Guillermo Fadanelli es muy conocido en su México natal. Tiene gestos de estrella del rock pero con académica formación filosófica. Si no viviera en D. F. diríamos que su gorra de béisbol se la robó un vendedor ambulante aunque le delate citar a Phillip Soller. Siempre tiene una cita en la recámara y dado que lo único que aspira con su obra es a destruirse a sí mismo, habrá que creer que soporta a los estructuralistas y a los productores cinematográficos.
Trabaja para el cine además de para destruirse a sí mismo (ahí están “La otra cara de Rock Hudson” y “Elogio de la vagancia”). “A mí no me importa si el director destroza una novela… eso es imposible”, dice. Él sólo pide por contrato salir una noche con la protagonista principal. Es autor de “vídeos basura”, inspirados en las lecciones de John Waters (“Pink Flamingos”, etc.), de manera que los actores, cuanto más malos, “más cerca estaban de la creación”.

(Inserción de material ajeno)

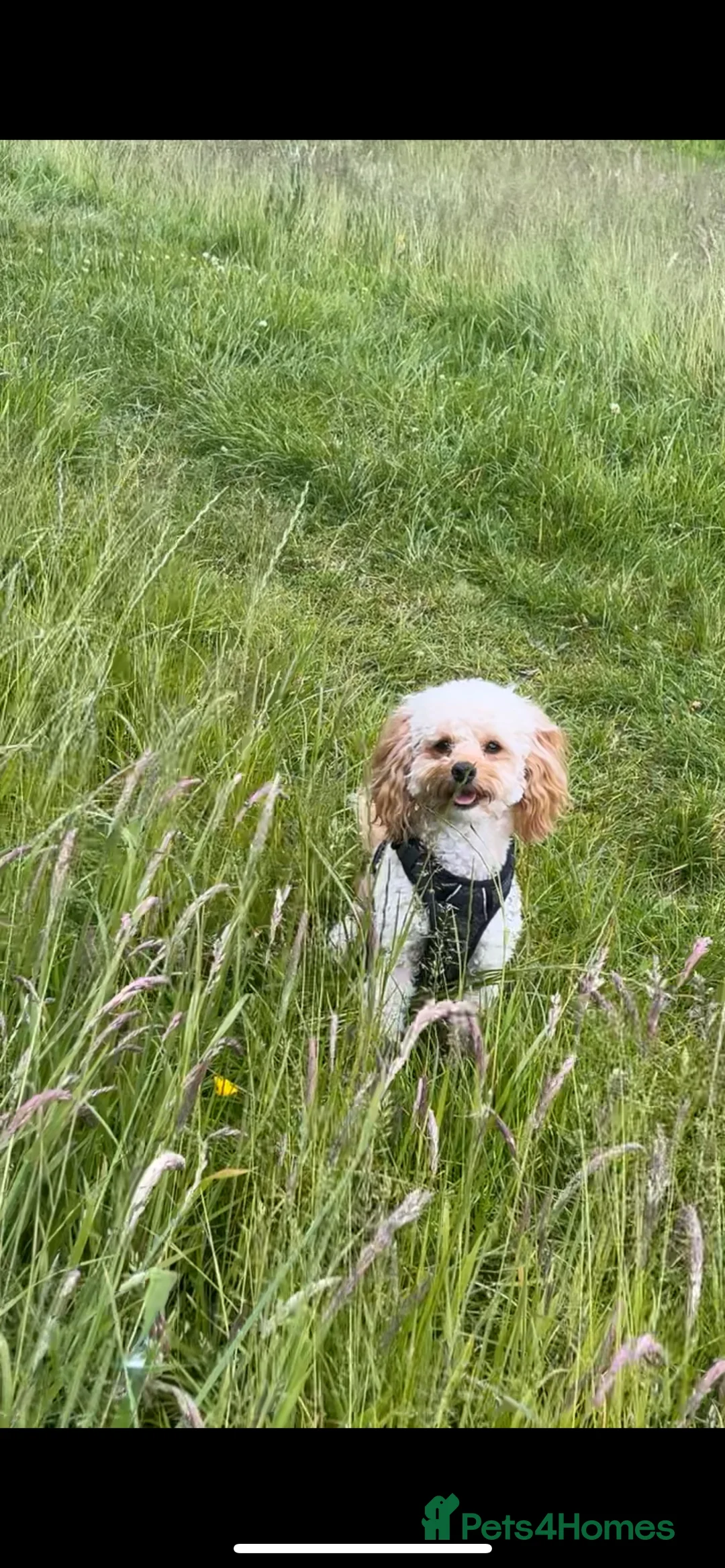 Cavapoo dogs for stud: Meet Alfie. A cavapoo looking for a mate - Advert 2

El editor Malcolm Barral le propuso un tema muy privado para la diserción, aunque demasiado sabido: el alcohol. Y empezó por Kinsley Amis por puro capricho: “Lo que más me gusta de una mujer cuando está desnuda son sus ojos”. Buena cita, sí señor. La de Scott Fitzerald no estuvo a la altura o comparar a su hígado con su mejor amigo. Al final, aceptó que “no se puede construir ni una ética ni una práctica literaria” por dos copas de más. “La literatura, como el beber, es dar vueltas sobre tu tumba”. Esa estuvo bien.
Fadanelli, un autor brillante, divertido, ocurrente, con menos sentido trágico (la culpa es de John Waters) que lo que parece, se despidió con una sentencia de la que un día quizá se pueda arrepentir: “un hombre feliz no puede escribir”.